# PROBLEM DESCRIPTION
Could you find every line in the records below that contains the word "Green" and copy it?

# DATA SHOWN

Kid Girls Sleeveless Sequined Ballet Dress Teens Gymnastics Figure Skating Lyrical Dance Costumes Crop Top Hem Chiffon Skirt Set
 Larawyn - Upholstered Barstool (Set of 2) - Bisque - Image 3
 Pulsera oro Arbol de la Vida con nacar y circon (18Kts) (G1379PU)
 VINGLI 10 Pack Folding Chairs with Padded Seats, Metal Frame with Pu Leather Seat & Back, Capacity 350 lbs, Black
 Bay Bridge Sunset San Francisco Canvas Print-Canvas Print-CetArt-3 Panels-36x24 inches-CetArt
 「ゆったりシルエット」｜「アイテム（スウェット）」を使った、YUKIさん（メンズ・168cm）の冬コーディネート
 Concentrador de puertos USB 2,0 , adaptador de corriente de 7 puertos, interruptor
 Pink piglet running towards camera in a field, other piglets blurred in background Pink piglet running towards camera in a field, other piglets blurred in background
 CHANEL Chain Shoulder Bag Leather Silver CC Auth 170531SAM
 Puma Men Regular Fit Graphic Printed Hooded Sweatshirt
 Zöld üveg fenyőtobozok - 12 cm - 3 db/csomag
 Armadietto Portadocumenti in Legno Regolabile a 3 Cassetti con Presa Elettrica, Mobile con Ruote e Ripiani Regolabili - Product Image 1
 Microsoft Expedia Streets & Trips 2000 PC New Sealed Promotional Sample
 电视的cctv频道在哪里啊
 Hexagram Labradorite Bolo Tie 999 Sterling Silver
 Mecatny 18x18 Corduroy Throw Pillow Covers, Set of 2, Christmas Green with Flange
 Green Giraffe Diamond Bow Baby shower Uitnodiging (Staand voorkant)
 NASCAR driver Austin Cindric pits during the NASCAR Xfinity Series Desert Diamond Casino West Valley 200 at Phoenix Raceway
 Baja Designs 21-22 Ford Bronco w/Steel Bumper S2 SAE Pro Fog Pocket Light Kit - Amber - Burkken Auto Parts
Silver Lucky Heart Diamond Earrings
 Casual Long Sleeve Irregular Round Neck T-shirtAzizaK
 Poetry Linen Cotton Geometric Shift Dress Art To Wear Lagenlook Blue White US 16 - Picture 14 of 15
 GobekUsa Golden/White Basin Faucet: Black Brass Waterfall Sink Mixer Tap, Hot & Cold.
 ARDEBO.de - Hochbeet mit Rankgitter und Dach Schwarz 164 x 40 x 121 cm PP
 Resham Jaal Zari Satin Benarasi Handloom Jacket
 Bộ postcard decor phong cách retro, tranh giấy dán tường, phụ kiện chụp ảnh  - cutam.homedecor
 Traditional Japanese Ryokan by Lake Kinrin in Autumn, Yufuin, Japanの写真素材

# ANSWER BOX
 Mecatny 18x18 Corduroy Throw Pillow Covers, Set of 2, Christmas Green with Flange
 Green Giraffe Diamond Bow Baby shower Uitnodiging (Staand voorkant)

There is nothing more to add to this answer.